» Your instructions
If a line of the data below holds the string "size", copy it.

- - - - -

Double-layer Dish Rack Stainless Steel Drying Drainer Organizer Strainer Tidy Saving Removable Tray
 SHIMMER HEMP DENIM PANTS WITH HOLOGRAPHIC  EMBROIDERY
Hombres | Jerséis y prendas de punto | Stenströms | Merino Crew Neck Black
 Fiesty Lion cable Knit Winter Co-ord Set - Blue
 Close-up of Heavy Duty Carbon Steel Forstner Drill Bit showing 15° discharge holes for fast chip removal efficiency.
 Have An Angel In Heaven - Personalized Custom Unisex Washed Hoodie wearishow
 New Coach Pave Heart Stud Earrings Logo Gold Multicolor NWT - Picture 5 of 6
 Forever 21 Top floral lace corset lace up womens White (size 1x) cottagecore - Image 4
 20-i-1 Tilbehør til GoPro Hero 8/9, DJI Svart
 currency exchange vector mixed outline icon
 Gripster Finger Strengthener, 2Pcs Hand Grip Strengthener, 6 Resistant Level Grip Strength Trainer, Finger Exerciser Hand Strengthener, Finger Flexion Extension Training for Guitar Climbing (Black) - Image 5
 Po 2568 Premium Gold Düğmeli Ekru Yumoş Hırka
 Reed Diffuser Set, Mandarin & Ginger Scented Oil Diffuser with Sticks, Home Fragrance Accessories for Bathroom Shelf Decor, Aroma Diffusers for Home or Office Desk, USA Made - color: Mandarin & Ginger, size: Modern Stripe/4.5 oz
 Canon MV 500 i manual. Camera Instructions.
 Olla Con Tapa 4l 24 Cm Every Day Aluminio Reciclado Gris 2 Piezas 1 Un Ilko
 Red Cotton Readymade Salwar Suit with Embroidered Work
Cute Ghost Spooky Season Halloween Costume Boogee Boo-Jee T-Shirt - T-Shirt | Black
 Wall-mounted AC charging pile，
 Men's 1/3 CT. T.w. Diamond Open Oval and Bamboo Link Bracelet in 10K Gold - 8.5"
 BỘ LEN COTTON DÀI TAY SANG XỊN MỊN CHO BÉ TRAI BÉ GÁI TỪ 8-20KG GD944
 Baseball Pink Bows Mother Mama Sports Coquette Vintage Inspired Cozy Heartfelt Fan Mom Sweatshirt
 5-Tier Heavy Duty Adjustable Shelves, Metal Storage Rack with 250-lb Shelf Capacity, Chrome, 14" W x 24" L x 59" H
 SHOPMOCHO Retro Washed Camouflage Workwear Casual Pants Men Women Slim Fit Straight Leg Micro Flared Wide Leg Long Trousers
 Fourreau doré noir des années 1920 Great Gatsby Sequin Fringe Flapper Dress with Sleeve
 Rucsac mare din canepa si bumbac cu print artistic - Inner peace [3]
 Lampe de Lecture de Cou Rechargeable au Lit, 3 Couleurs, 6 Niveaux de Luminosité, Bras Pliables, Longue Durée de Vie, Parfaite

- - - - -

» Answer to this exercise
 Forever 21 Top floral lace corset lace up womens White (size 1x) cottagecore - Image 4
 Reed Diffuser Set, Mandarin & Ginger Scented Oil Diffuser with Sticks, Home Fragrance Accessories for Bathroom Shelf Decor, Aroma Diffusers for Home or Office Desk, USA Made - color: Mandarin & Ginger, size: Modern Stripe/4.5 oz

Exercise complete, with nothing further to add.